A colorful figure who prided himself on his relationships with his artist clients, Germano was one of the pioneers of the modern studio industry — a trend-setter who built the most lavish and uncompromising rooms in the world.
“He turned the recording studio side of the business into a real industry,” said Troy Germano, Ed’s son, and CEO of the Hit Factory. “He made something that had been a hobby into a real business. That legacy will live on.”
Troy Germano attributes his father’s success in part to his sensitivity to the artistic process.
“He really knew what it was like to offer the right kind of creative environment when people came into the studio,” he said. “That goes back to his being a singer and a producer.”
Ed Germano’s career in the music business began in 1961, when he made the rounds in the New York circuit as a singer who had brief contracts with RCA, Decca and ABC Dunhill. He soon migrated to the production side and, in 1970, joined RCA as a staff producer/A&R.
In the early ‘70s, he helped negotiate a buyout of the Record Plant from Warner Seven Arts and joined the studio as one of its 17 partners. Then, on March 6, 1975, he purchased the Hit Factory from original owner Jerry Ragavoy.

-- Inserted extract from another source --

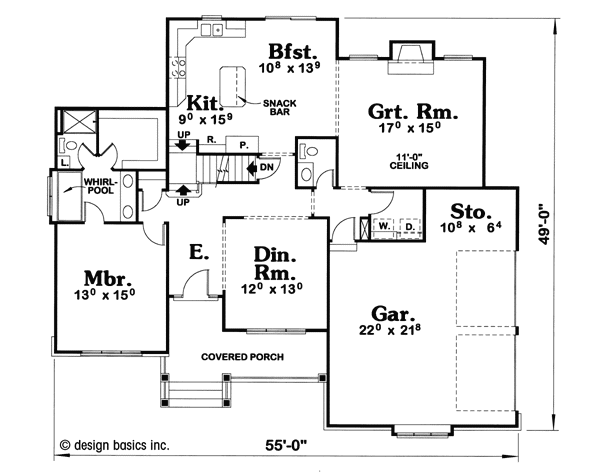 Dream House Plan - Traditional Floor Plan - Main Floor Plan #20-263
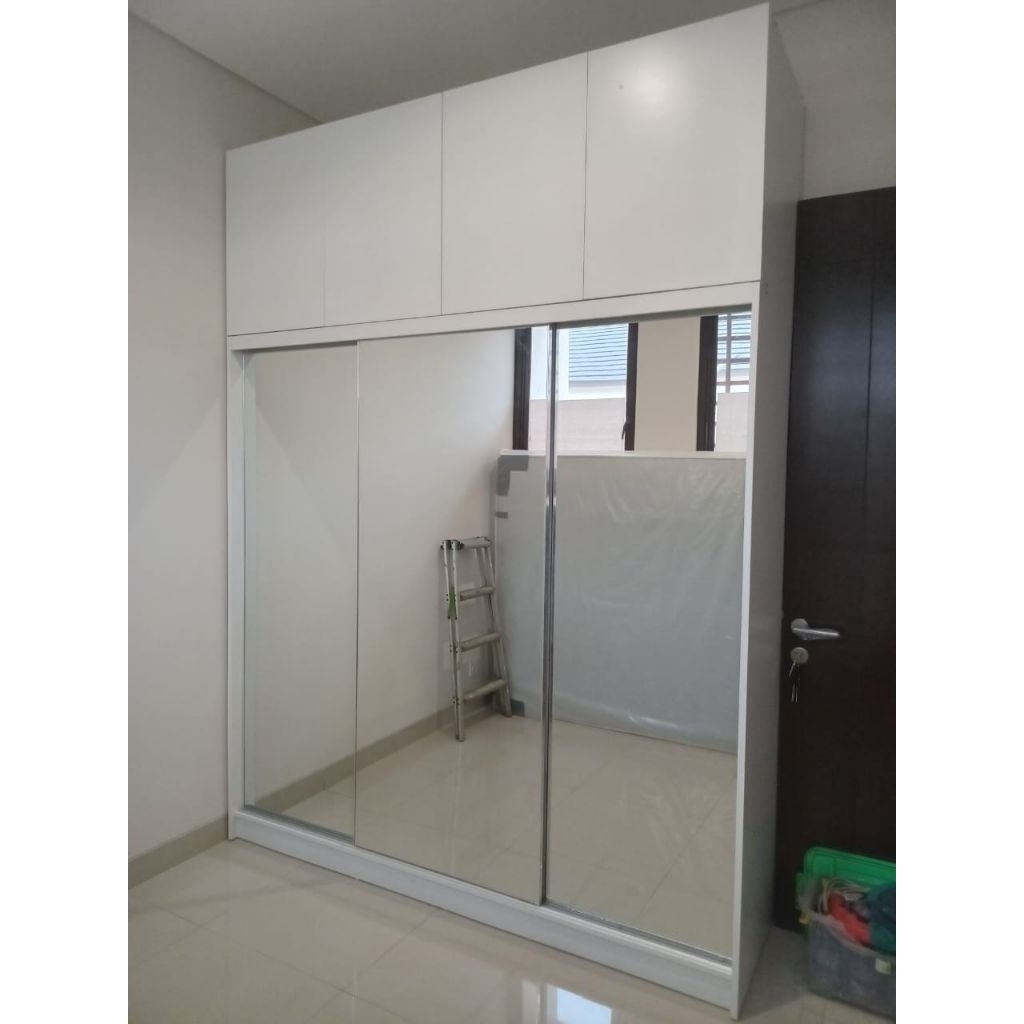 lemari sliding 3 pintu full kaca cermin jumbo | lemari pakaian pintu 3 sliding | lemari baju kabinet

Under Ragavoy, the Hit Factory enjoyed major credits and a reputation for sonic excellence. However, Germano elevated the studio to a multiroom powerhouse on an unprecedented scale.
Germano’s first client as the owner of the Hit Factory was Stevie Wonder, who initially booked a three-day session but stayed for nine months and recorded his magnum opus, Songs in the Key of Life. The studio’s streak continued through the late ‘70s and ‘80s, with credits such as John Lennon & Yoko Ono’s Double Fantasy, the Rolling Stones’ Emotional Rescue, Bruce Springsteen’s Born in the U.S.A. and Paul Simon’s Graceland.
In 1989, the Germano family entered into a joint venture with Sony to form the Hit Factory London, which operated until 1993. Also in 1993, the Hit Factory opened a 100,000-square-foot recording complex at 421 West 54th St., which became its flagship location. (Recently, the studio consolidated all of its New York operations in the building, which the Germanos own.)
In 1999, the Hit Factory made news by purchasing the storied Criteria Recording Studios in Miami. The Hit Factory retained most of the staff and the vintage flavor of the Miami rooms, but undertook a remodeling that brought the facility in-line, technologically and design-wise, with the company’s New York rooms.
Commenting on his father’s uncompromising commitment to quality, Troy says, “Nothing was ever the best; it could always be made better.”
Ed Germano is survived by his wife, Janice; his son, Troy, and daughter, Danielle; and two grandchildren: Jacob and Nicolas.